Again, sometimes it is important to quickly assess the descriptive statistics. Like column means:
# Column means iris_df.mean(0)
Or row means:
# Row Means iris_df.mean(1)
Well sometimes frequencies are important, Pandas documentation calls it histogramming:
#Value counts (histogramming) iris_df['petal.width'].value_counts()
Pandas also allows us to add some features in the describe function, notice we have added 5% and 95% percentiles on top of the usual 25%, 50% and 75% descriptive stats.
# Adding some Percentile features iris_df.describe(percentiles=[0.05, 0.25, 0.75, 0.95])
kidney_df = pd.read_csv("https://raw.githubusercontent.com/ArjunAnilPillai/Chronic-Kidney-Disease-dataset/main/kidney_disease.csv") kidney_df.head(5)

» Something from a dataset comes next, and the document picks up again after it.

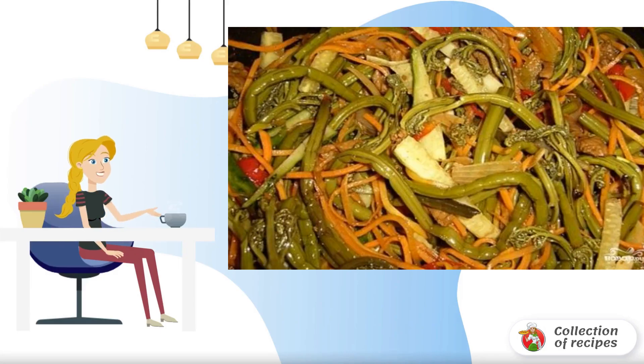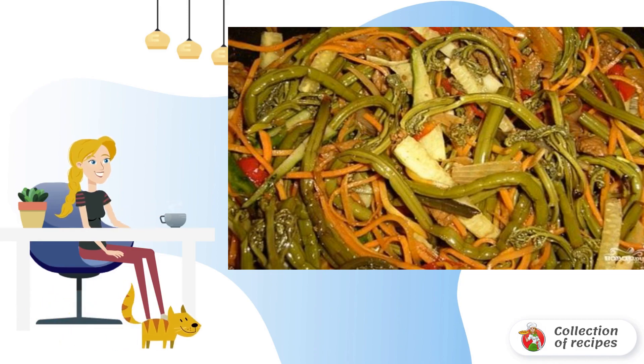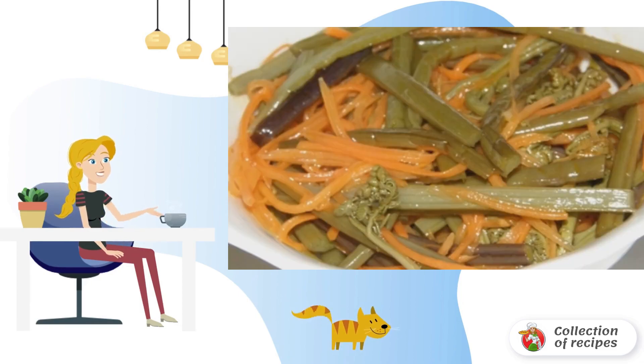Fern is considered a delicacy that is added to food. The main thing is to prepare it correctly, namely to salt it. The finished fern is perfectly stored in the refrigerator. I recommend trying it after collecting the fern.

Let us download a machine learning dataset and run some quick stats. We can get percentage change in age of the kidney disease patients. The first row is a NAN as there is no prior row before that.
#Percentage change kidney_df["age"].pct_change()
We can also get a covariance matrix of the numeric columns
# Covariance kidney_df[["sg", "al", "su"]].cov()
Similarly, we can get a correlation matrix, we can specify the correlation method, pearson being default, kendall and spearman.
# Corelation kidney_df[["sg", "al", "su"]].corr(method = "kendall")
Group by: split-apply-combine
The last function is the group and filter function. Say after grouping you data, you are specifically interested in a certain group. Pandas can also assist in this regard
#Group and filter kidney_df.groupby(["pc", "htn"]).get_group(("normal", "yes")).head(3)
Only data filtered is the pc column which has the normal value, the htn column with the yes value.